As for filling the buffer, I only need one variable to keep track of what the next free position in the buffer is, which I increment by the number of bytes I'm reserving for each transfer.
The ABS, X is way trickier to set up. Let's say that my buffer is 128 bytes long, and, to simplify things, that I can transfer at most 4 bytes at a time (in an actual game you'd most likely be able to do 32), meaning I have the following unrolled loop:
Code: Select all
lda buffer+0, x
sta $2007
lda buffer+1, x
sta $2007
lda buffer+2, x
sta $2007
lda buffer+3, x
Calculating a value for X is easy if you're copying exactly 4 bytes, since it'll just be the offset of the data you're copying. But if you only want to copy, say, 2 bytes, you're gonna be jumping to the middle of that unrolled loop, where the base address used is
buffer+2, making it impossible to access the beginning of the list.

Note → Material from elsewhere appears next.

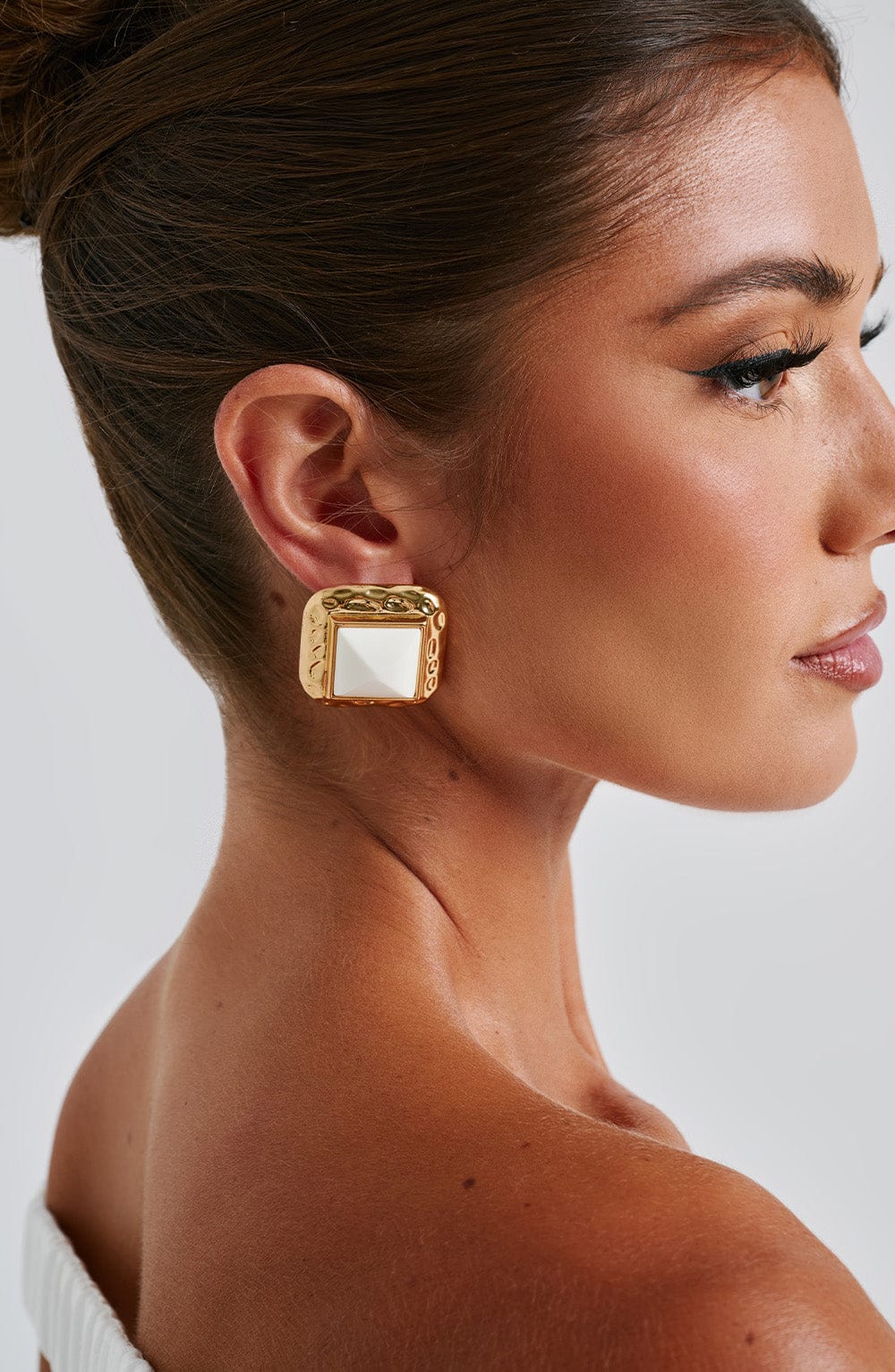 Boucles d'oreilles Kennedy — Ivoire/doré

To fix that, we actually have to write the unrolled loop using addresses lower than where the buffer actually is, so that we can access the beginning of the buffer even when jumping to the middle of the unrolled loop:
Code: Select all
lda buffer-128, x
sta $2007
lda buffer-127, x
sta $2007
lda buffer-126, x
sta $2007
lda buffer-125, x
We can now use the following formula to calculate the values of X needed for each transfer:
128 + position - length. In the case of the previous example (transferring 2 bytes from the beginning of the buffer), X would have to be 128 + 0 - 2 = 126. When the
lda buffer-126, x instruction is executed, it will load the first byte in the buffer, as expected, and
lda buffer-125, x will read the second byte.
Unless I'm missing something really obvious here, if you want to use an ABS, X unrolled loop without increments, compares or branches, you absolutely need to calculate the values of X based on the position and the length of each block of data you're transferring, and also store these values somewhere and load them back for the actual transfers, slightly slowing the process down compared to the stack-based approach.